*** Opening of Records supplied ***
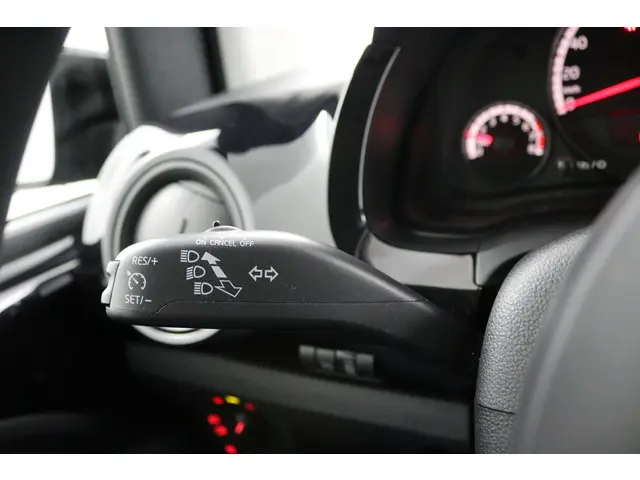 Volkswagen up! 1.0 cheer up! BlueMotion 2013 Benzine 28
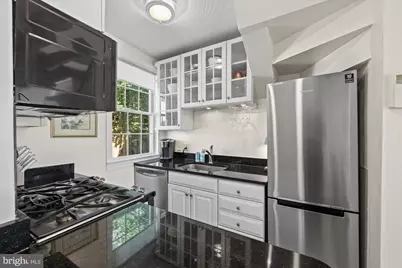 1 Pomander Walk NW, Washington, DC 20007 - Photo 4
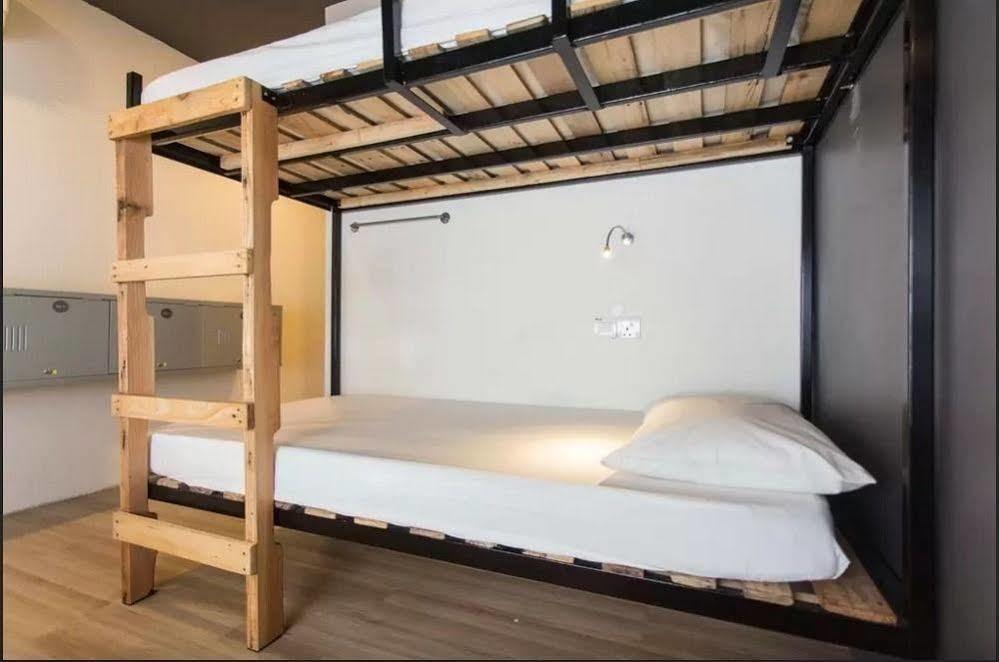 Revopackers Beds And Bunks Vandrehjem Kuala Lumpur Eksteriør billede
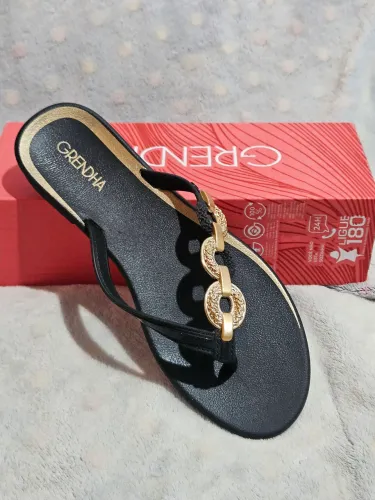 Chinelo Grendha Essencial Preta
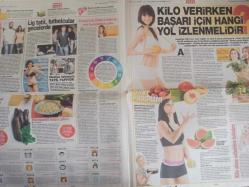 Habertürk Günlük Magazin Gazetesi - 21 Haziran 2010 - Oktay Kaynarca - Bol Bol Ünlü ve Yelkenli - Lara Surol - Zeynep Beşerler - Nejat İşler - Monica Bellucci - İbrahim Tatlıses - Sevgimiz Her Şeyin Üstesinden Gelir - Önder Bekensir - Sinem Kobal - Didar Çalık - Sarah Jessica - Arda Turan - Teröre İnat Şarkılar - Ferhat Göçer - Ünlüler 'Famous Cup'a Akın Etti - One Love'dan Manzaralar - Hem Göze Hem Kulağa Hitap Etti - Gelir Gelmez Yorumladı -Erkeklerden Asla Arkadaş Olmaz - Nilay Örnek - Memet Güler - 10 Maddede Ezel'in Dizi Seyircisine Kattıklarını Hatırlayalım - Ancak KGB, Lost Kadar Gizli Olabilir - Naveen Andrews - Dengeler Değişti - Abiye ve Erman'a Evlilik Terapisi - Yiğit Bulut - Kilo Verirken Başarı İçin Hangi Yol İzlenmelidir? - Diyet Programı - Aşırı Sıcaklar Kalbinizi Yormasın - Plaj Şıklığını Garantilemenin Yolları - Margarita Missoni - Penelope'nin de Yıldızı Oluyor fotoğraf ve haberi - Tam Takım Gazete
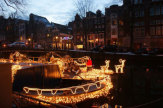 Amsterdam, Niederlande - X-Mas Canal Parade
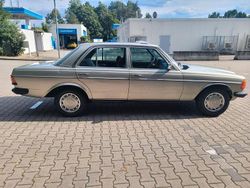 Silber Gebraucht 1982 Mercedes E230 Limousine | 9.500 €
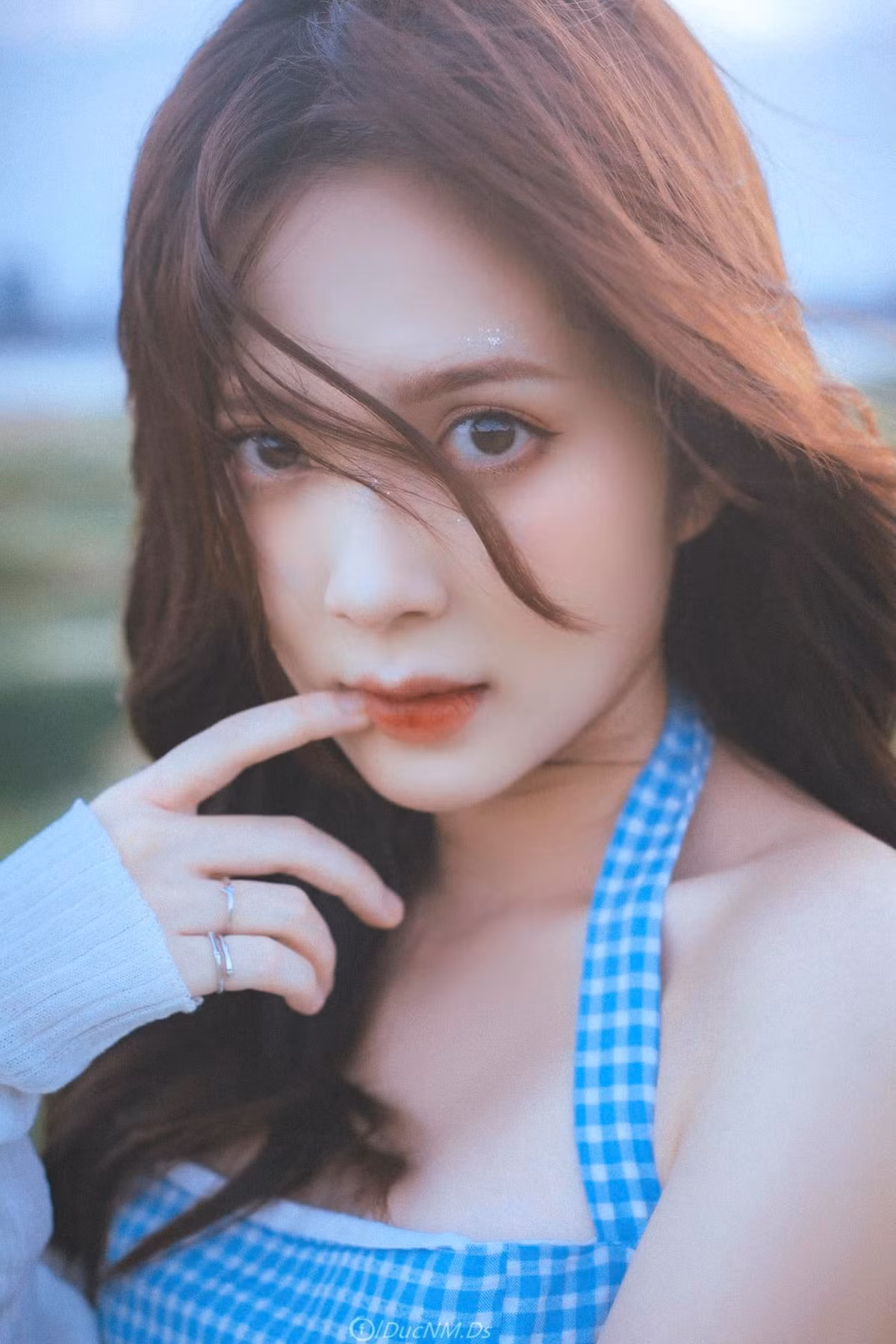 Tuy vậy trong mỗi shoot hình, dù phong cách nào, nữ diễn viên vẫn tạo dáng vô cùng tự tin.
*** Close of Records supplied ***
Work task: When you repeat the material, keep every word exact and drop the pictures.

Reply to the task:
 Volkswagen up! 1.0 cheer up! BlueMotion 2013 Benzine 28
 1 Pomander Walk NW, Washington, DC 20007 - Photo 4
 Revopackers Beds And Bunks Vandrehjem Kuala Lumpur Eksteriør billede
 Chinelo Grendha Essencial Preta
 Habertürk Günlük Magazin Gazetesi - 21 Haziran 2010 - Oktay Kaynarca - Bol Bol Ünlü ve Yelkenli - Lara Surol - Zeynep Beşerler - Nejat İşler - Monica Bellucci - İbrahim Tatlıses - Sevgimiz Her Şeyin Üstesinden Gelir - Önder Bekensir - Sinem Kobal - Didar Çalık - Sarah Jessica - Arda Turan - Teröre İnat Şarkılar - Ferhat Göçer - Ünlüler 'Famous Cup'a Akın Etti - One Love'dan Manzaralar - Hem Göze Hem Kulağa Hitap Etti - Gelir Gelmez Yorumladı -Erkeklerden Asla Arkadaş Olmaz - Nilay Örnek - Memet Güler - 10 Maddede Ezel'in Dizi Seyircisine Kattıklarını Hatırlayalım - Ancak KGB, Lost Kadar Gizli Olabilir - Naveen Andrews - Dengeler Değişti - Abiye ve Erman'a Evlilik Terapisi - Yiğit Bulut - Kilo Verirken Başarı İçin Hangi Yol İzlenmelidir? - Diyet Programı - Aşırı Sıcaklar Kalbinizi Yormasın - Plaj Şıklığını Garantilemenin Yolları - Margarita Missoni - Penelope'nin de Yıldızı Oluyor fotoğraf ve haberi - Tam Takım Gazete
 Amsterdam, Niederlande - X-Mas Canal Parade
 Silber Gebraucht 1982 Mercedes E230 Limousine | 9.500 €
 Tuy vậy trong mỗi shoot hình, dù phong cách nào, nữ diễn viên vẫn tạo dáng vô cùng tự tin.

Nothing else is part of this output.